The story and situations, however, are pretty much traditional Hollywood biography. The film sticks very close to the most successful events of its hero’s life; it is play-like and cardboard-like and somewhat trumped-up. If Sturges wanted determinedly to make a realistic biographical film, he probably was working much more than he usually does against the grain of his studio, which, like all the rest of Hollywood, has firm ideas of what morality and tone should be in such a picture. This may have produced what seems to me a somewhat enervated and tight Sturges movie. But part of the tightness must also have come from Sturges’ own fascination with the problem of success, which he has been gnawing at for some time in his films. Heretofore his answer has been that the greatest success in terms of money and fame can be had by anybody with the aid of luck, trickery or something fortuitous which seldom has much to do with how good or able the person is. In this picture he is definitely interested in the great trouble a man had in achieving success, and in the fact that what success the man had was followed by twenty years of miserable failure; and though he says this, his picture is designed to spend almost all of its time, in the traditional rosy manner, on the more fortunate moments. His knowledge of and interest in the non-American-dream quality of Morton’s career seems to have been suffocated by his interest in whatever there was in the career that looked good. This, which is apparently a conflict in purpose (not to forget the studio), has made the picture less robust and might explain why as much ill fitting slapstick comedy has capped each serious scene.

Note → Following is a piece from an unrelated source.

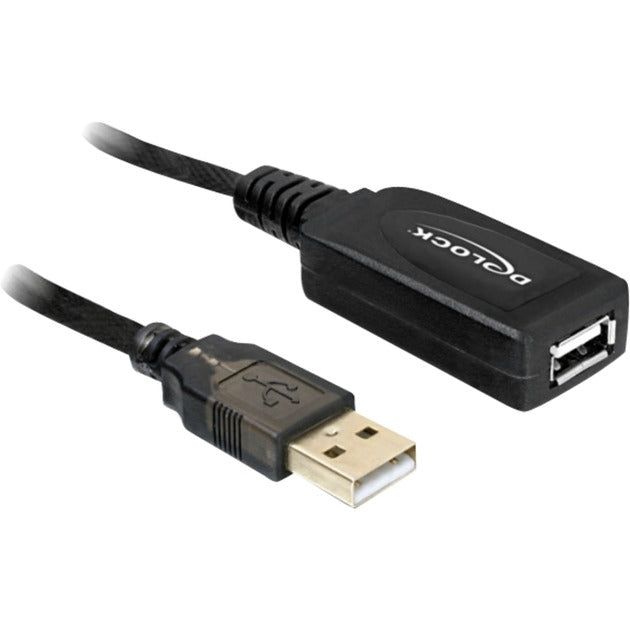 DeLOCK USB 2.0 Aktivverlängerungskabel, USB-A Stecker > USB-A Buchse (schwarz, 20 Meter)
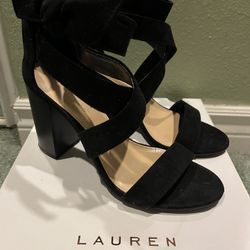 Size 7 Lauren Conrad Girlfriend Black Heel Shoes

“The Great Moment” is still very pleasant, on the light side with a few scenes of sharp effect. One is its picture of the epic moment on September 30, 1846, when Morton put his first dental case (William Demarest, still likable but very stereotyped now) under ether after tricking him, in a funny scene, into taking it; following this, much of the suspense, horror and fascination of a mysterious event is projected by the look and walk of his wife as she stares at the operation. Another is the result of some blood-curdling operating-room sounds on the occasion of the first medical surgery under anesthesia. A final one is an aptly dramatic and surprising curtain line. There are also a number of nice perceptions and business, including McCrea’s gesture when he says he likes to do “neat work,” the damning portrait of President Pierce as an idiot, the entrance of four petty minds of the medical profession into an operating room underneath the outstretched, unstinting arm of a huge plaster statue of Hippocrates, and McCrea’s loving attitude toward the decorative quality of a lamp in his dental office. It is not what you would call an important movie, but it is engaging.